L’analyse approfondie des données ministérielles a révélé l’existence de 245 actifs et projets d’infrastructures actuellement à l’arrêt ou non exploités. Ce recensement, ordonné lors du Conseil des ministres du 15 avril dernier, vise à identifier les chantiers nécessitant un achèvement rapide ou une valorisation stratégique pour l’économie nationale.
Un inventaire détaillé du patrimoine infrastructurel
Le bilan présenté lors du conseil interministériel classe ces actifs en quatre catégories distinctes. La première concerne les infrastructures terminées mais jamais mises en service, qualifiées d’« actifs dormants ». On dénombre 30 projets dans cette situation, dont 25 font face à des blocages majeurs, représentant un investissement gelé colossal de 279 milliards de francs CFA. Parmi eux, 15 sont désormais classés en « haute priorité » en raison de leur impact financier et social.

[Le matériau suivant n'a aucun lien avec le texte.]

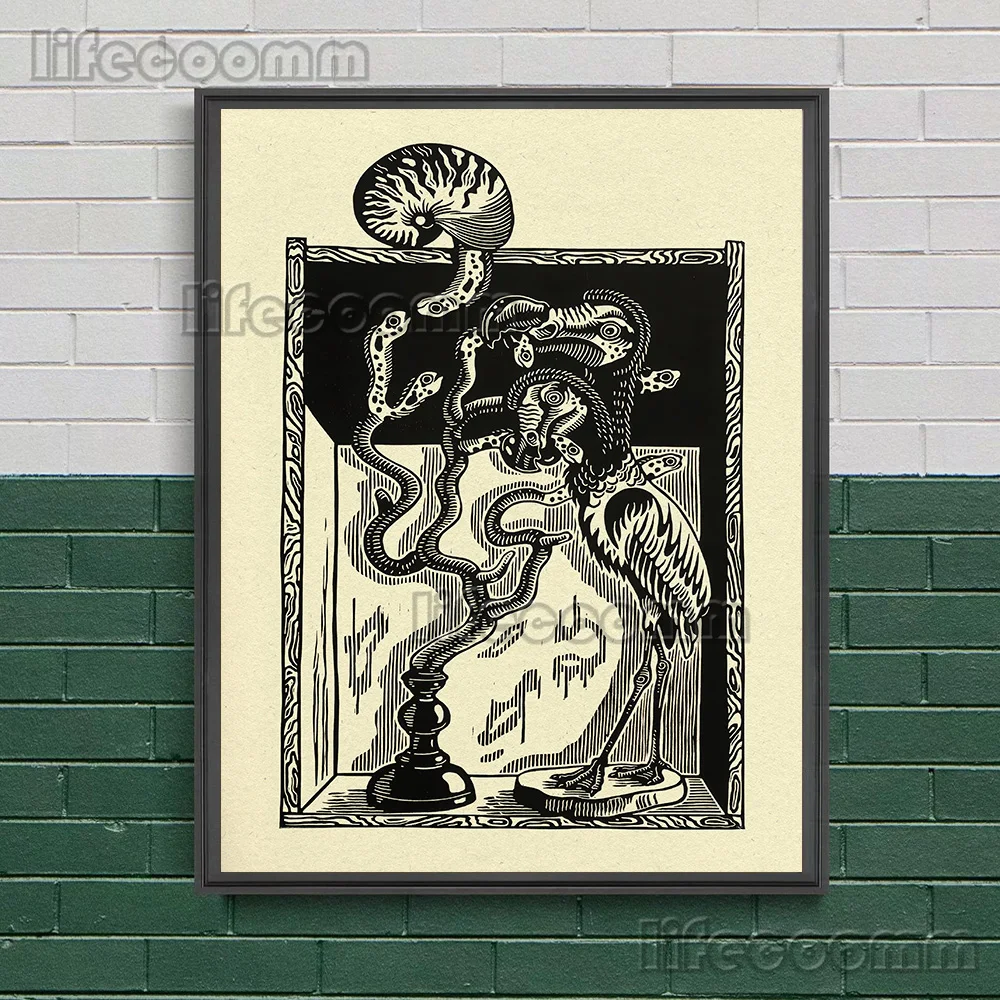 Flying Witches And Demons In The Flame Vintage Wall Art Phoenix In The Lamp,Rabbit And Frog Witchcraft Element Art Poster Print
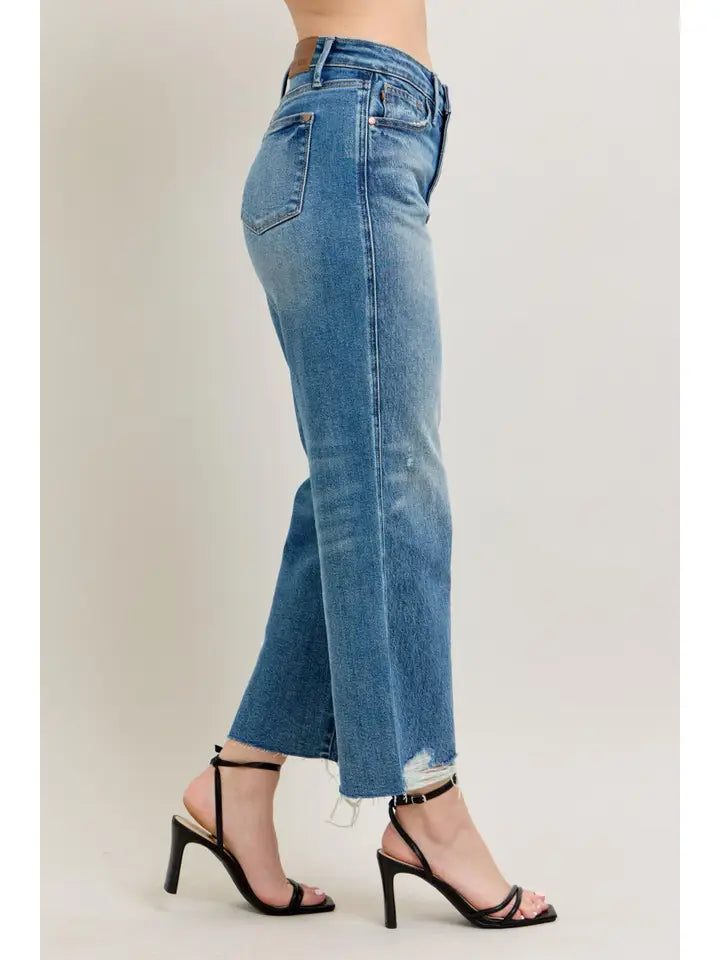 Women's Judy Blue High Waist Rigid Magic Destroy Wide Leg Crop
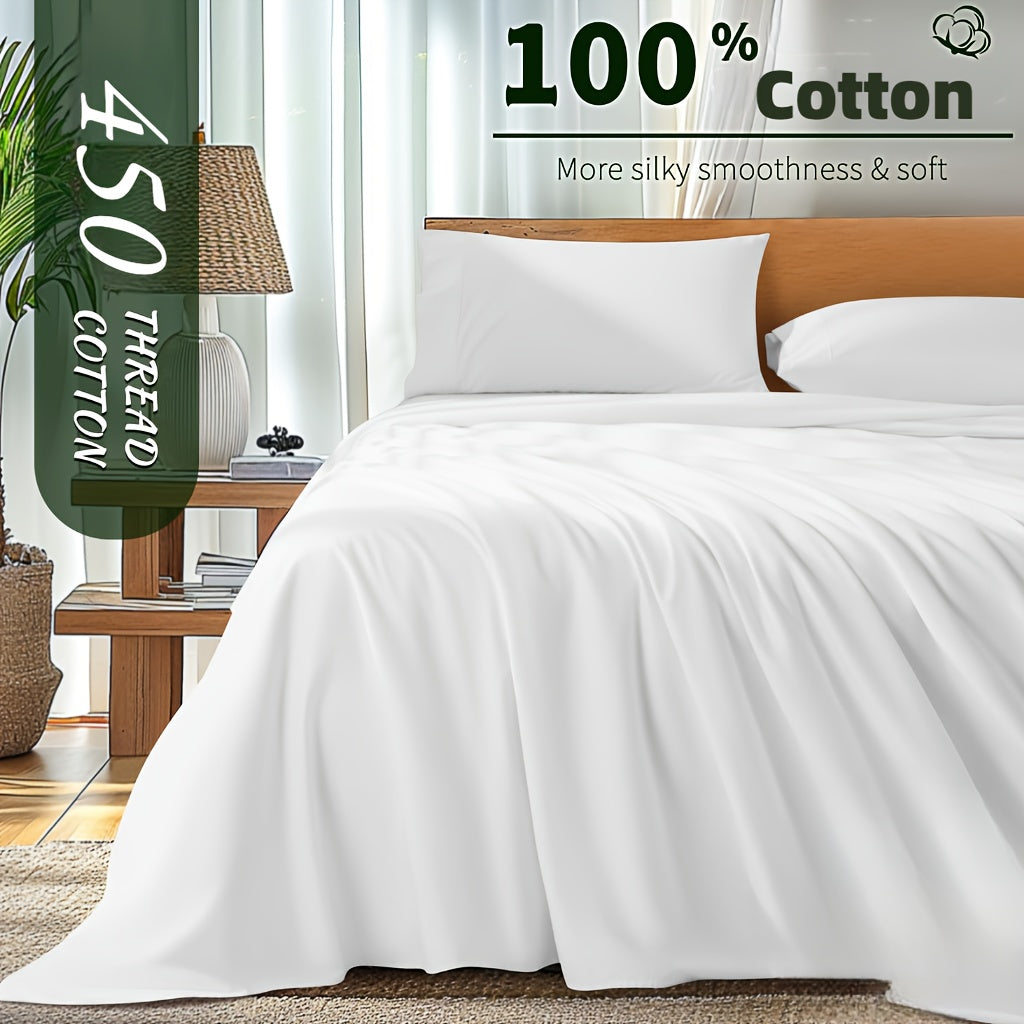 Set of 4 Sheets Made from 100% Cotton, Available in Full, Queen, King, And California King Sizes. These Luxury Cotton Bed Sheets Are Breathable And Come with Pillowcases, Featuring an 18-Inch Deep Pocket. The Set Includes 1 Fitted Sheet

La deuxième catégorie regroupe 23 actifs déjà opérationnels mais susceptibles d’être recyclés ou mieux valorisés. Répartis dans huit secteurs d’activité, leur valeur est estimée à environ 1 065 milliards de francs CFA.
Des chantiers en souffrance et un besoin de financement
Le volet le plus lourd concerne les 94 projets d’infrastructures en cours de réalisation. Actuellement, 62 de ces chantiers sont totalement bloqués. Si l’investissement global pour ces 94 projets s’élève à 5 227 milliards de francs CFA, leur finalisation nécessite une enveloppe complémentaire de 973 milliards.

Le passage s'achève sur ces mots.